“Oh!” exclaimed Lieutenant Hollyer, as the sudden revelation struck him.
“Some time between eleven o’clock to-night—about the hour when your sister goes to bed—and one thirty in the morning—the time up to which he can rely on the current—Creake will throw a stone up at the balcony window. Most of his preparation has long been made; it only remains for him to connect up a short length to the window handle and a longer one at the other end to tap the live wire. That done, he will wake his wife in the way I have said. The moment she moves the catch of the window—and he has carefully filed its parts to ensure perfect contact—she will be electrocuted as effectually as if she sat in the executioner’s chair in Sing Sing prison.”
“But what are we doing here!” exclaimed Hollyer, starting to his feet, pale and horrified. “It is past ten now and anything may happen.”
“Quite natural, Mr. Hollyer,” said Carrados reassuringly, “but you need have no anxiety. Creake is being watched, the house is being watched, and your sister is as safe as if she slept to-night in Windsor Castle.
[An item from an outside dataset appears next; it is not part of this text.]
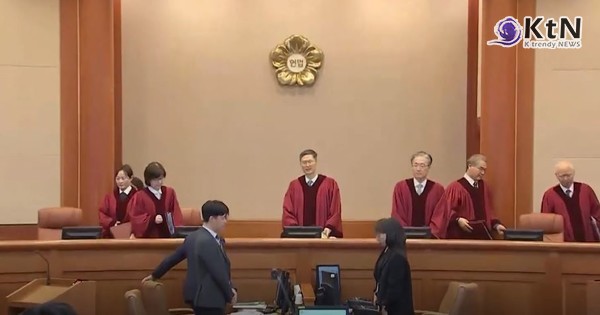 헌법을 방치하는 순간, 헌법은 사라진다사진=2025 03.24 헌법재판소 헌재 재판관   K trendy NEWS DB ⓒ케이 트렌디뉴스 무단전재 및 수집, 재배포금지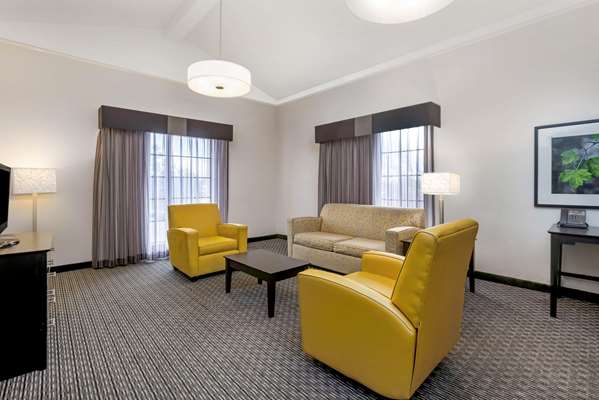 Suite - La Quinta Inn Fresno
Be assured that whatever happens he will not be allowed to complete his scheme; but it is desirable to let him implicate himself to the fullest limit. Your brother-in-law, Mr. Hollyer, is a man with a peculiar capacity for taking pains.”
“He is a damned cold-blooded scoundrel!” exclaimed the young officer fiercely. “When I think of Millicent five years ago—”
“Well, for that matter, an enlightened nation has decided that electrocution is the most humane way of removing its superfluous citizens,” suggested Carrados mildly. “He is certainly an ingenious-minded gentleman. It is his misfortune that in Mr. Carlyle he was fated to be opposed by an even subtler brain—”
“No, no! Really, Max!” protested the embarrassed gentleman.
“Mr. Hollyer will be able to judge for himself when I tell him that it was Mr. Carlyle who first drew attention to the significance of the abandoned kite,” insisted Carrados firmly. “Then, of course, its object became plain to me—as indeed to anyone. For ten minutes, perhaps, a wire must be carried from the overhead line to the chestnut-tree. Creake has everything in his favour, but it is just within possibility that the driver of an inopportune train might notice the appendage. What of that? Why, for more than a week he has seen a derelict kite with its yards of trailing string hanging in the tree. A very calculating mind, Mr. Hollyer. It would be interesting to know what line of action Mr. Creake has mapped out for himself afterwards. I expect he has half-a-dozen artistic little touches up his sleeve. Possibly he would merely singe his wife’s hair, burn her feet with a red-hot poker, shiver the glass of the French window, and be content with that to let well alone. You see, lightning is so varied in its effects that whatever he did or did not do would be right.